The link is 2 posts above yours. Basically they are a square panel that contains a heating mechanism right throughout as so the heat is dispersed evenly. They generally sit on the roof or walls of an enclosure.

Cheers


----------



## wokka (Mar 4, 2008)

I've got 100watt Aussie made ( herp shop) in 900w x 600h x 600d melonite cages for GTP's conected to a pulse proportional. It works fine , provides a gradient but 100w is overkill. On my other cages I use a 25 watt red globe, with no thermostat, on a 8 foot cage which gives a 35 degree hot spot under the globe down to ambient ( which is now getting down to 20 C at night)at the cool end. The 8 foot cages cost about $12 plus labour for heat. The heatpanels plus thermostat about $250 but you cant achieve a gradient in a small cage without a thermostat. If you have the space use it without thermostats and give the animals a choice. Part of the $12 goes towards a plastic srew on 200mm light shade which I use as a light guard. I ahve only used them for 12 minths with large olives and blackhead and they are surviving but I fear they may become brittle with age and constant use. With a 40watt globe they get about 40c on the surface of the shade.


----------



## Pythoninfinite (Mar 4, 2008)

I make my own heat panels from heat cords of various wattages depending on the size of enclosure I want to heat.
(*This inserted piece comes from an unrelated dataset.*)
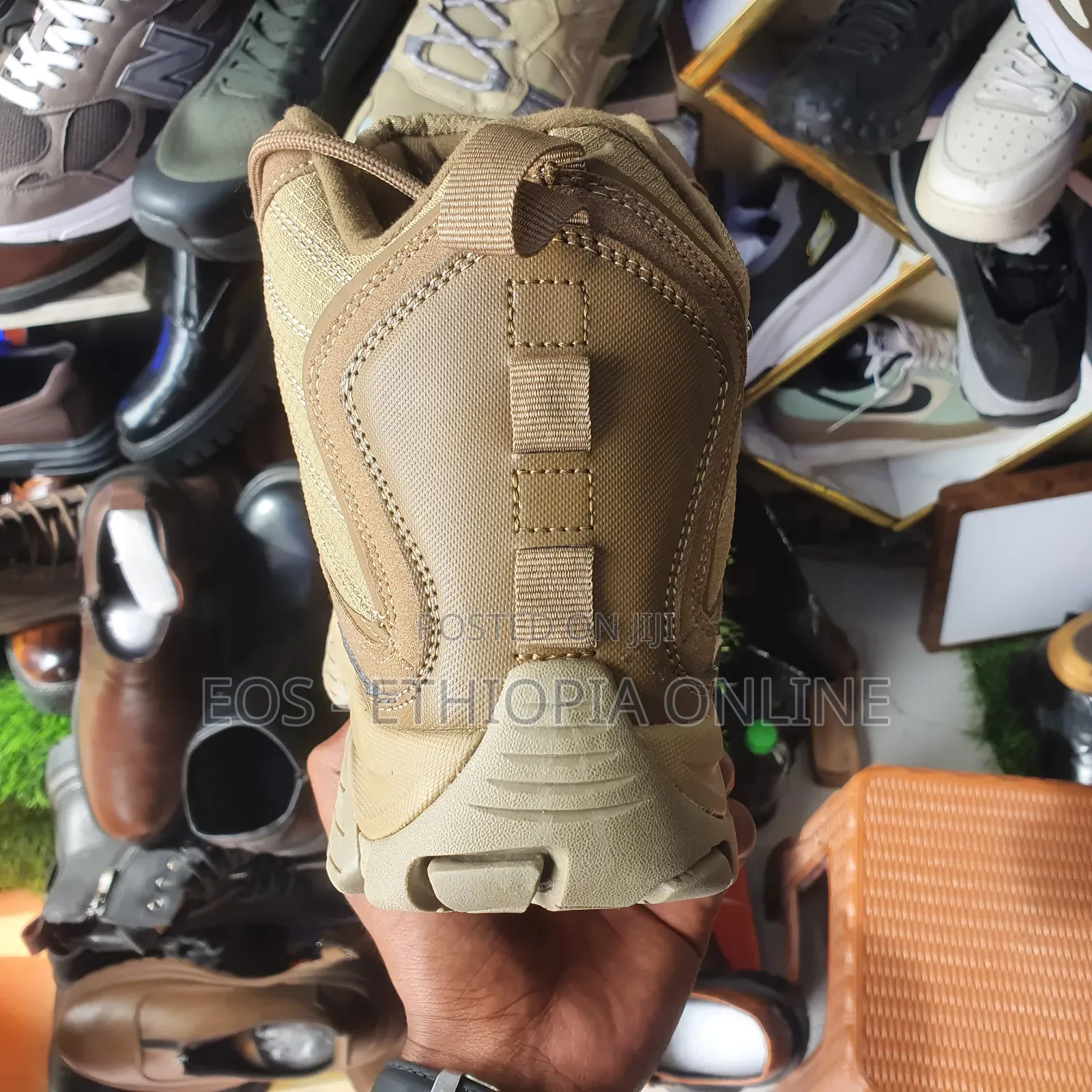 Columbia Original Mid-top Hiking Shoes [On Hand]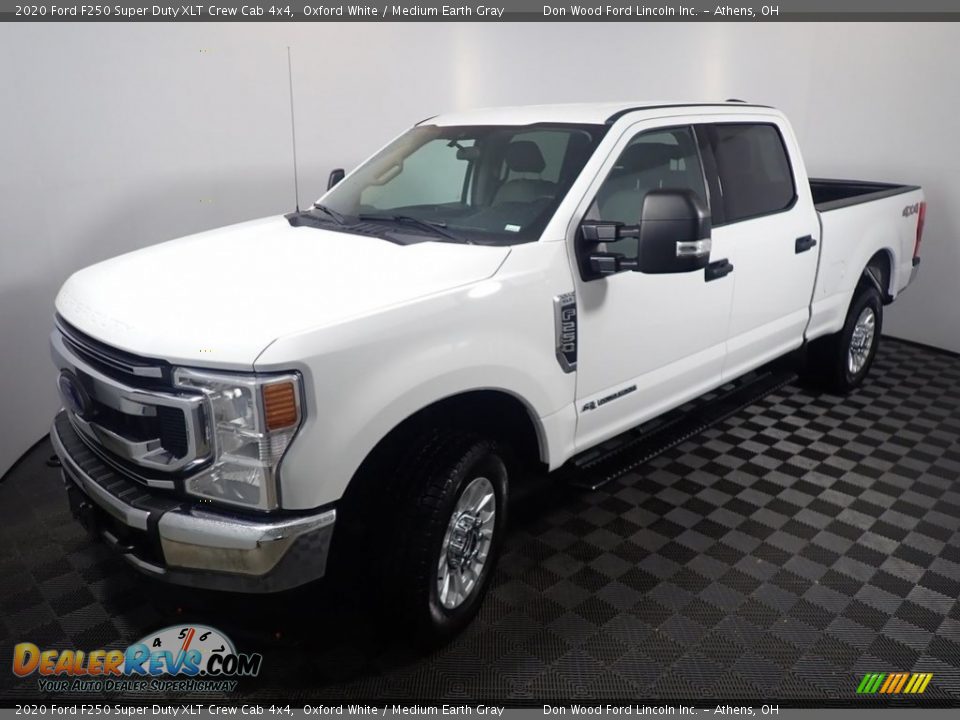 2020 Ford F250 Super Duty XLT Crew Cab 4x4 Oxford White / Medium Earth Gray Photo #9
I weave the cord of whatever wattage I need onto 25mm x 25mm welded mesh, frame it with narrow timber battens, cover with black or green shadecloth (50% or less, this is very heat resistant, and doesn't come into actual contact with the heatcord anyway) and attached either on the ceiling or the wall of the enclosure. 

The open structure of these panels provides very good circulation (no hot spots develop) and the shadecloth never gets very hot, so it doesn't matter if the snake lies in directt contact with it for a period of time.

I have been doing this for 6 years now, have never had one fail, never had a burn, or any problems whatsoever. Because the cords are waterproof the panels can be misted without fear of shorting them out, and the shadecloth holds a bit of moisture for a few minutes until it evaporates, ensure a quick rise in humidity. I do this especially when I see or expect a snake to shed.

So... you can make your own very effective heat panels for less than half the cost of those commercially available in Oz...

Anybody who is interested - I have some photos of the process, pm me with your email addresses and I'll shoot some to you (not sure about posting photos here!)


----------



## JungleRob (Mar 7, 2008)

Very true, it isn't difficult. One drawback though is you'd transfer alot of heat to the enclosure above unless you mounted it on a backing board or something.


----------



## Ewan (Mar 8, 2008)

Hey all! Good timing with this thread for me. I have recently been in contact with pro products in NY enquiring about their heat panels. They advised me to use little to no ventilation in my enclosures and also to insulate the floor of my enclosures because my house gets pretty cold in winter not being on a slab. They also advised me the on which heat panel to use for each particular application I requested. Do the people who use proheat panels use any ventilation in their enclosures if so could you please explain where the vents are positioned?


----------



## hazzard (Mar 8, 2008)

2 vents half way down the back wall. If you get closable vents you can control as you wish!

I belive these panels work perfectly in a stack situation. The panel from below provides a nice warm area on the floor above. The reptiles tend to sit here a lot.


----------



## Ewan (Mar 8, 2008)

For sure! I was thinking of adjustable vents. Where do you get them from?


----------



## Chris1 (May 16, 2008)

my heat panel arrived today, its a 'dry zone' one and says its to keep office cupboards warm and dry,....!???

it also says to velcro it on, and has strips of velcro attached,..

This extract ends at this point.